Ursa Major (big bear) Constellation — Location: Northern Hemisphere; Coordinates: Right Ascension: 11h; Declination: +50; Source: Greek, Roman, and Native American mythology

The constellation name, Ursa Major, means Big Bear. The “bear” association has its origins in two major civilizations which saw two very different bears in the sky.

The Greeks who named this constellation (later translated into the Latin name we use today) thought that the stars outlined the shape of a bear walking about on its clawed feet. It and its smaller companion, Ursa Minor were said to be the prey of Botes and his hunting dogs.

The long cat-like tail on the bears was part of the ancient pattern and is somewhat of a mystery. A story in Ovid tried to offer an explanation. In that myth, Zeus fell in love with Callisto. Hera changed her into a bear out of jealousy.

Her son Arcus (the namesake of Arcturus, the alternate name for the constellation Botes) came upon her in the forest and she ran to greet him. Not knowing the bear was his mother, he was about to kill her. To save her, Zeus turned Arcus into a smaller bear, grabbed them both by their tails and flung them into the sky, causing their tails to be stretched.

A number of Native American tribes also referred to this constellation as a bear, but with a clever addition. In their description of these stars, the bear is the same, but without the “tail”. Instead, those three stars are three hopeful hunters, and the middle one is carrying a cooking pot for cooking up the bear.

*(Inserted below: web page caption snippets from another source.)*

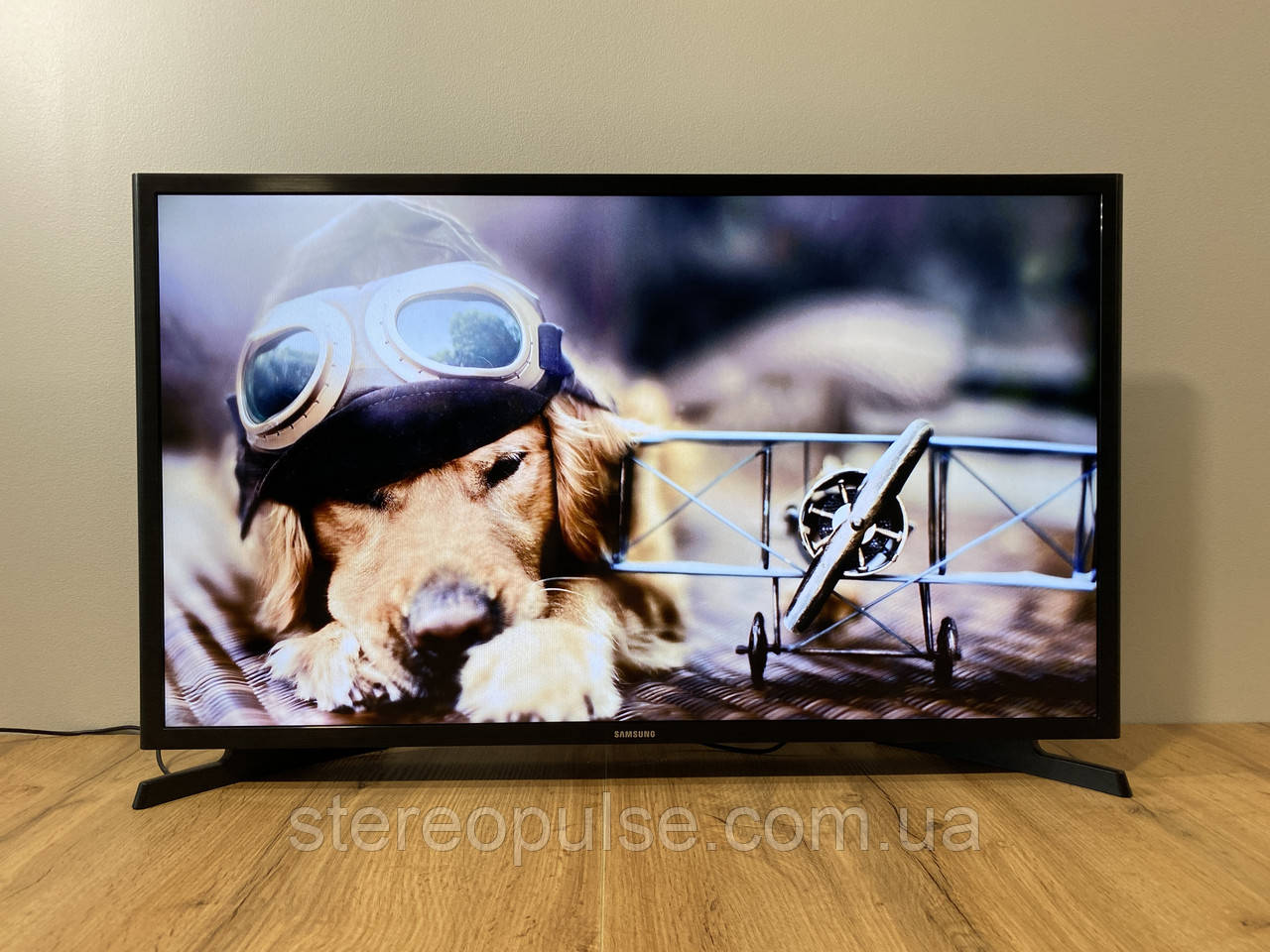 LED-телевізор 32'' Samsung UE32J5000 (Full HD, T2, HDMI, USB)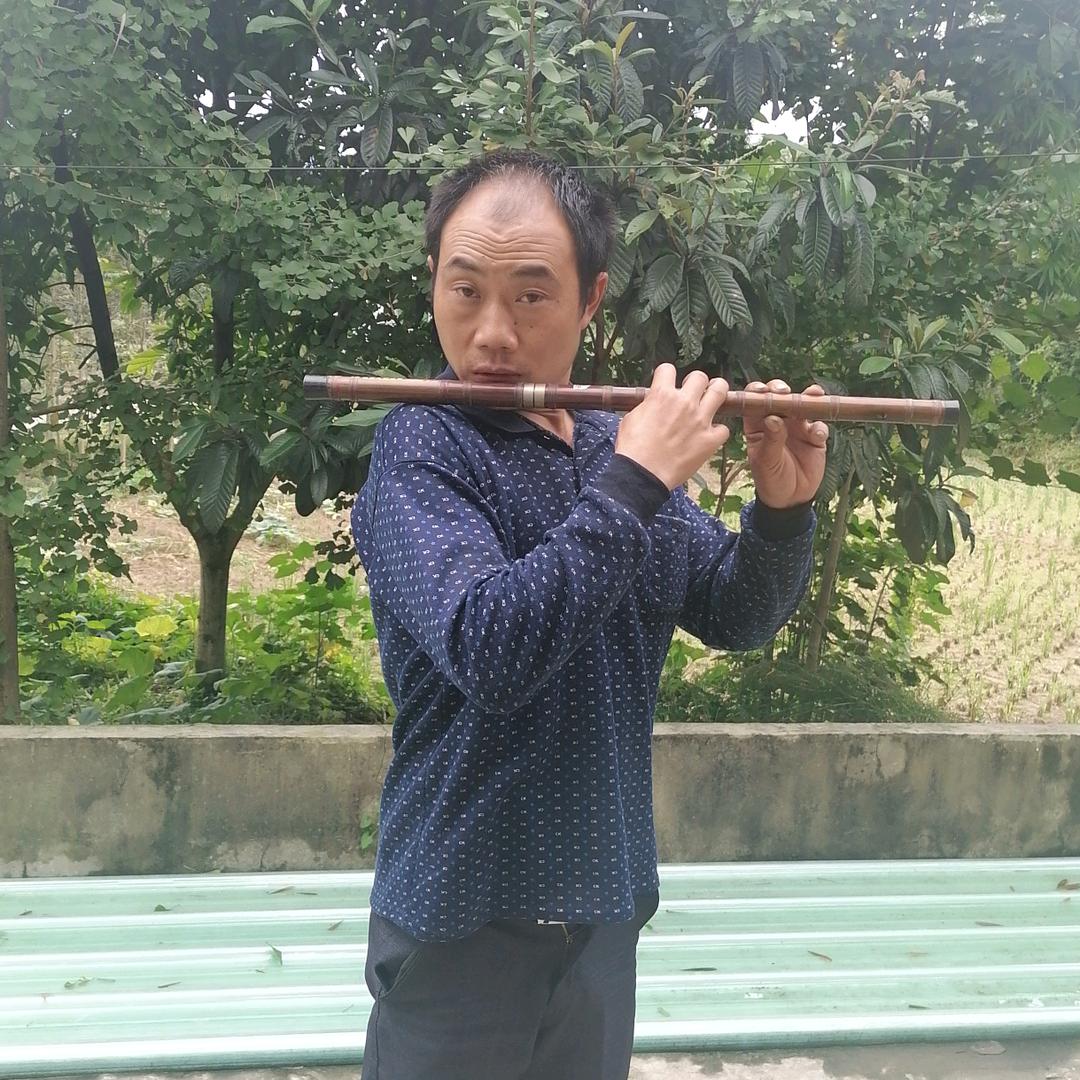 杨明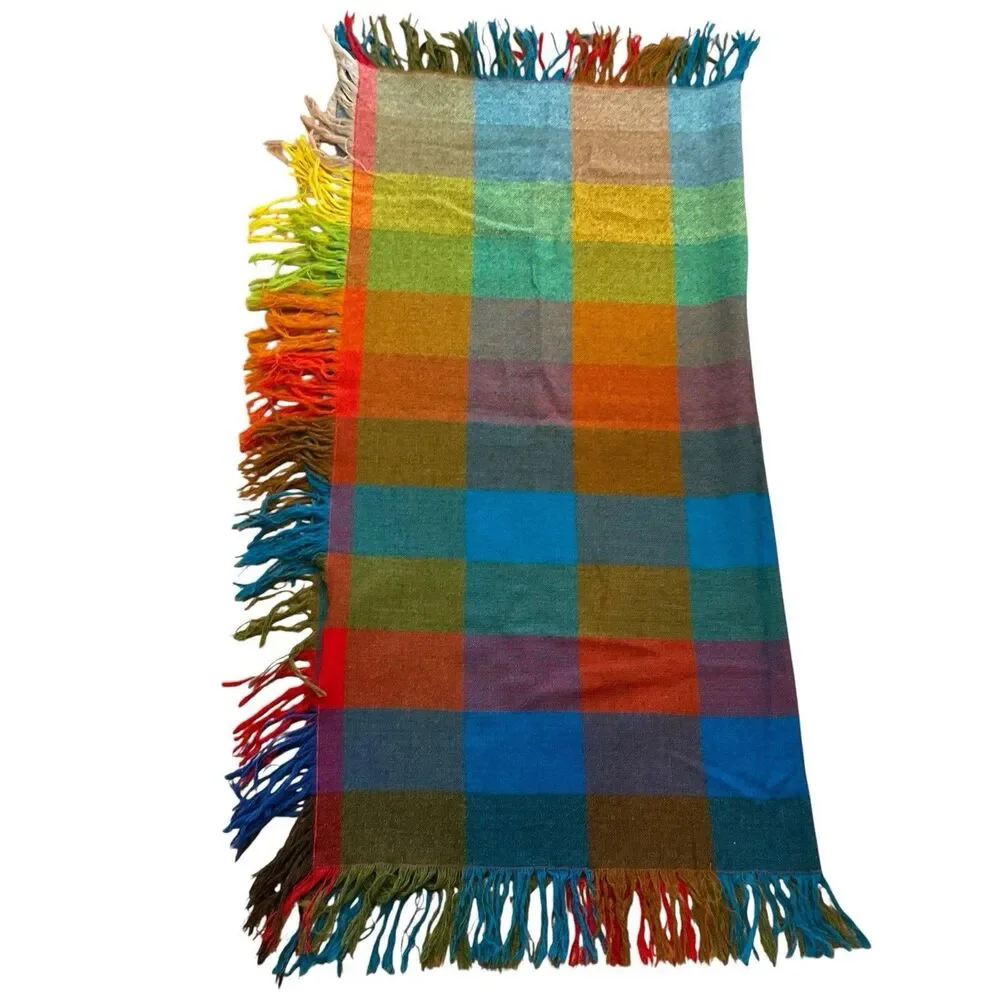 Unbranded bright squares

The most common pattern seen in this constellation is composed of a smaller group of the brightest stars (called an asterism) that outline the Big Dipper. This name comes from many different cultures which have seen in these stars a long handled spoon, often used for dipping water for drinking.

Others call this pattern a plow, seeing instead of a dipper, an old-style, ox-pulled farm plow. The plow pattern, pulled by oxen, is the shape referenced in the myth of the Triones, the oxen and plow driven by Bootes the herder.

The Egyptians and the Chinese saw different associations. Even in relatively more modern times, early European civilizations continued to invent new meanings for this pattern.